The Entertainment Mix is a Scottish entertainment chat show hosted by Michelle McManus which is broadcast in Scotland on the BBC Scotland television channel. The programme began airing on 24 October 2024, and features celebrity interviews in the fields of music, film, television, as well as featuring news and events relating to culture and arts across Scotland.

==Background==

In September 2024, McManus was confirmed as the host for a new BBC Scotland series which would focus primarily on entertainment, culture and the arts sector across Scotland entitled The Entertainment Mix.

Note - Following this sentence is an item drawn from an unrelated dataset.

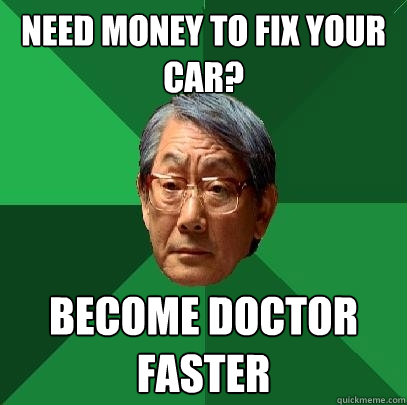 need money to fix your car? become doctor faster  High Expectations Asian Father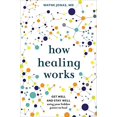 thumbnail image 1 of How Healing Works: Get Well and Stay Well Using Your Hidden Power to Heal, 1 of 1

The Commissioning Editor for BBC Scotland, Heather Kane-Darling, stated that the BBC "are thrilled to have Michelle present our weekly offering of The Entertainment Mix which will celebrate Scotland's talented performers and creators and provide audiences with everything they need to know about the big cultural moments across Scotland".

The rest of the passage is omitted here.